More recently, there was another report by Deleporte's group for the PEPI perovskite system embedded in the FP cavity made by similar migration in liquid technique [77]. In this latest study, the measurement was performed on a ∼900‐nm‐diameter sphere‐like defect site, which provides extra zero dimension (0D)‐like confinement on the perovskite system. The strong coupling regime in such system was marked by observations of the discrete PL of the LPB. While the polariton bottleneck issue has yet been tackled, the measured emission Q‐factor was ∼750, which was almost an order of magnitude improvement over the previous system. This work demonstrated the feasibility of further improvements for realizing room temperature BEC with the 2D‐OIHP system.

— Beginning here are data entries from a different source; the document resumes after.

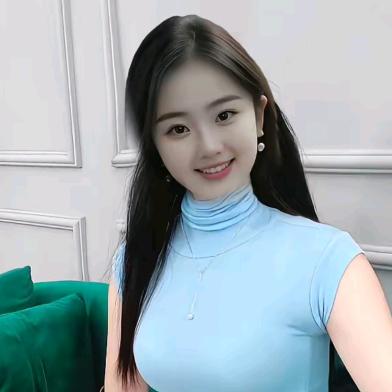 明玉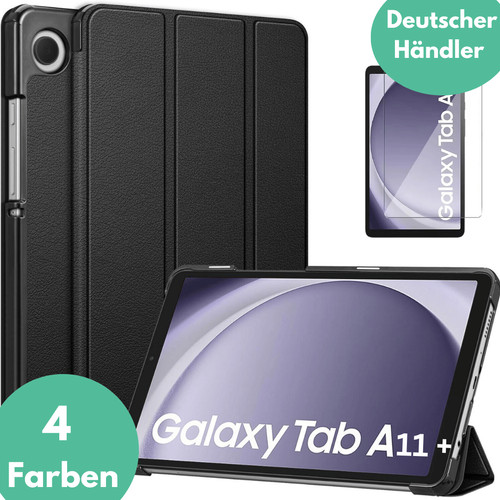 Hülle für samsung galaxy tab - galaxy,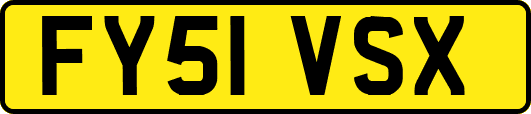 FY51VSX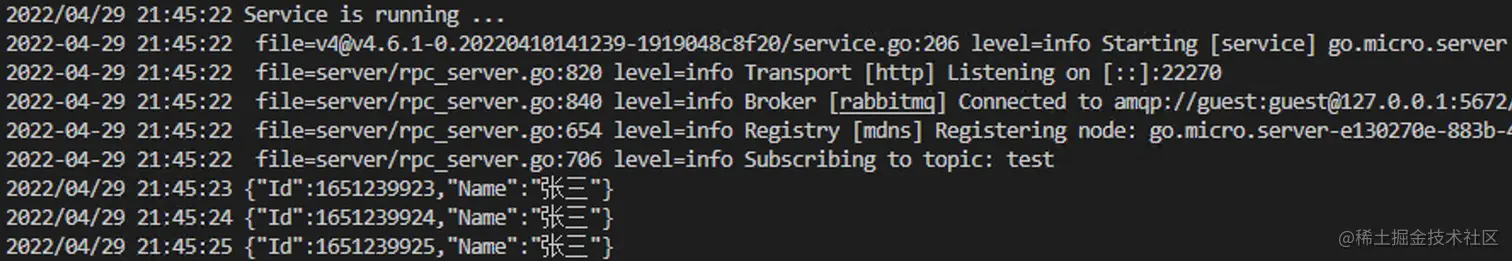image-20220429214626817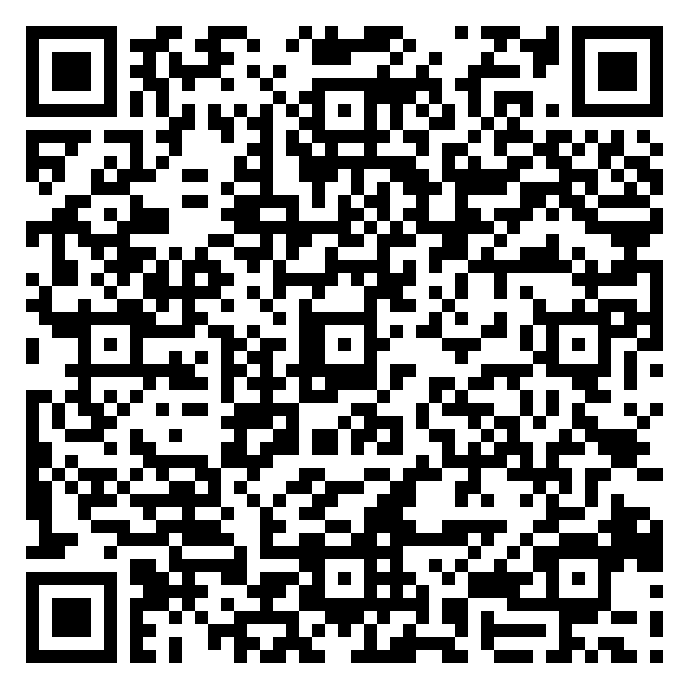kod QR z danymi kontaktowymi 31162418000000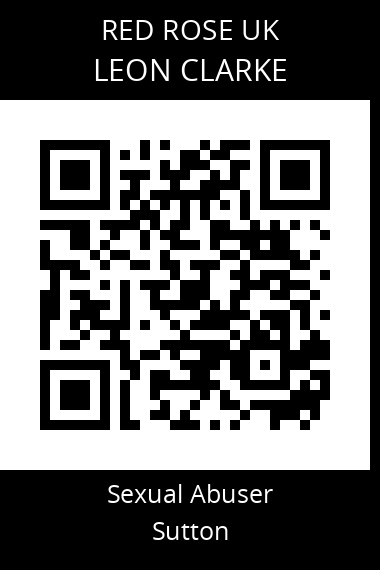 QR code for leon-clarke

Strong coupling is not limited to occurrences between the exciton and photon. More recently, Niu et al. [78] reported observations of strong interaction between photons, excitons, and surface plasmons in Ag‐based DFB grating coated with 2D perovskite (C₆H₉C₂H₄NH₃)₂PbI₄ (or CHPI), with coupling strengths that are one order larger than for III–V quantum wells at room temperature (Figure 1.3.12a). This study was mainly done by incident polar (θ) and azimuthal (ϕ) angle‐resolved reflectivity measurement with transverse electric (TE) and transverse magnetic (TM) modes. Under TM mode excitation (Figure 1.3.12b), the presence of an additional ∼100 meV redshifted exciton dip was observed, which was assigned to the excitation of the surface plasmon polariton (SPP). This effect was absent in TE mode measurements (Figure 1.3.12c) and CHPI‐coated planar Ag‐film (Figure 1.3.12d). This redshift of ∼100 meV could be well explained by the method of images, where the exciton in CHPI coupled via Coulomb interaction with its own image on the metal surface, forming a “biexciton.” The magnitude of the redshift observed agrees very well with the well‐established model in Ref. [79]. Further tunability of this “biexciton” redshift was also demonstrated up to 185 meV by simply changing the azimuthal angle of the incident light. This “biexciton” holds an interesting potential application for light‐emission devices, since its decay channel via emission to SPP (Figure 1.3.12e) has been previously used to improve the luminescence efficiency of LEDs [80, 81]. The strong interaction of the exciton, bi‐exciton, and the grating mode could be well explained using the three coupled‐oscillators model (Figure 1.3.12f), where large Rabi splitting of 156 and 125 meV were obtained for the exciton and biexciton interaction with SPP, respectively. These values are comparable to those with J‐aggregates. These results, therefore, open up an exciting new direction for optoelectronic applications through coupling SPP with exciton–photon interaction in 2D perovskites.